**** COLLECTED MATERIAL

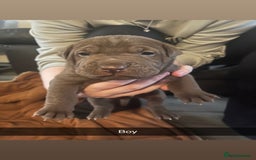 Mixed Breed dogs for sale: Pups for sale - Image 7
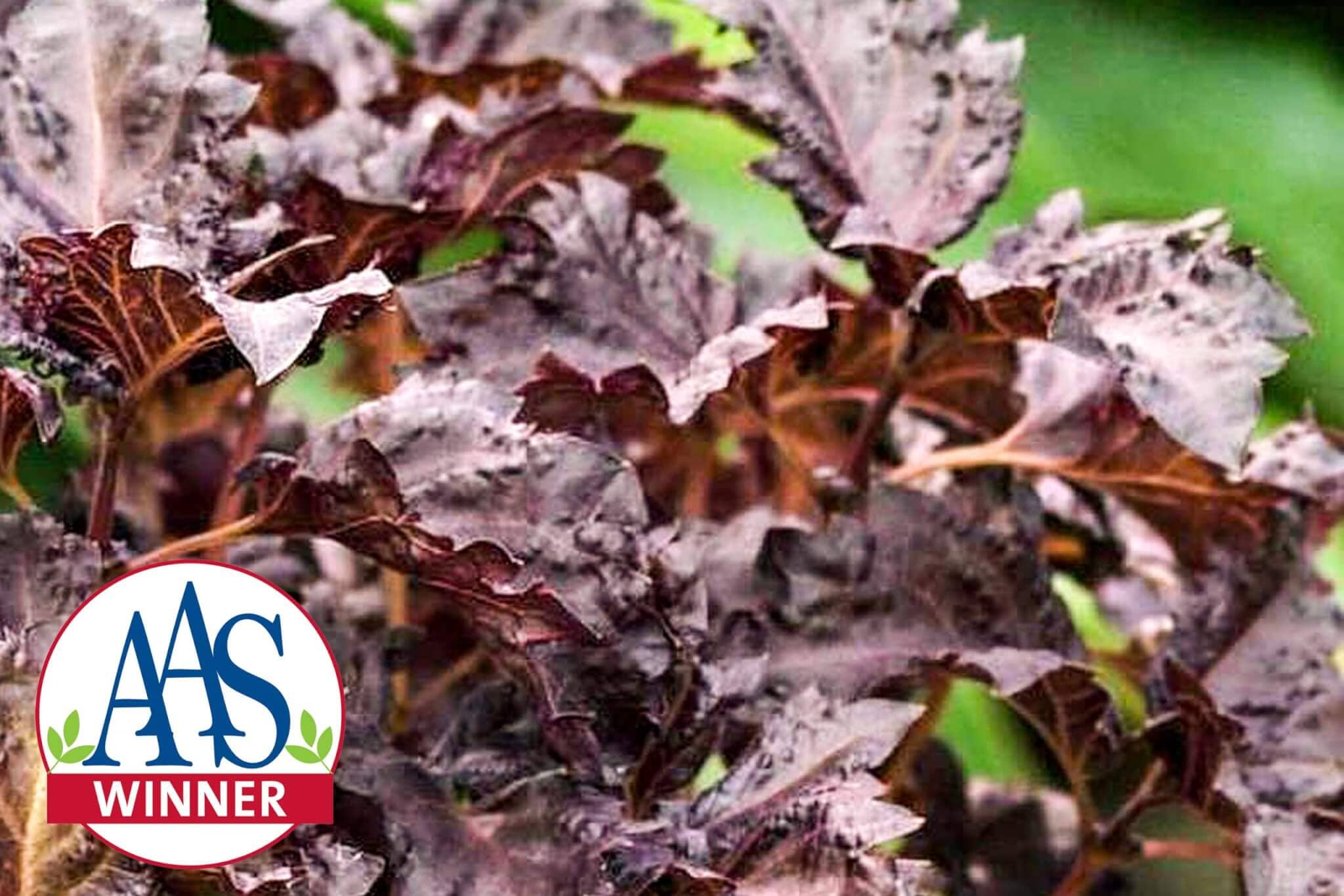 Purple Ruffles Basil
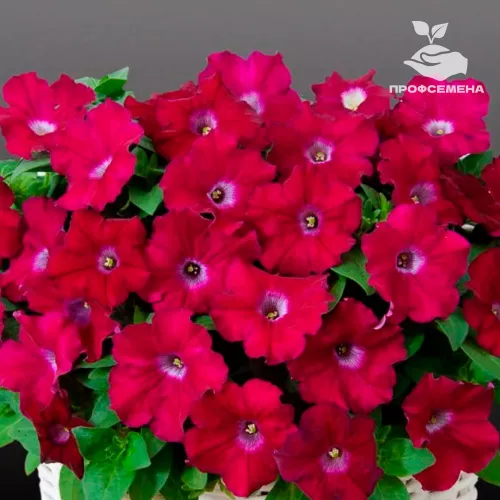 Петуния мультифлора Джоконда Фуксия Farao 100драже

********

• _TASK_
The whole of the data above needs retyping exactly, with pictures omitted.

• _ANSWER FOR THE TASK_
 Mixed Breed dogs for sale: Pups for sale - Image 7
 Purple Ruffles Basil
 Петуния мультифлора Джоконда Фуксия Farao 100драже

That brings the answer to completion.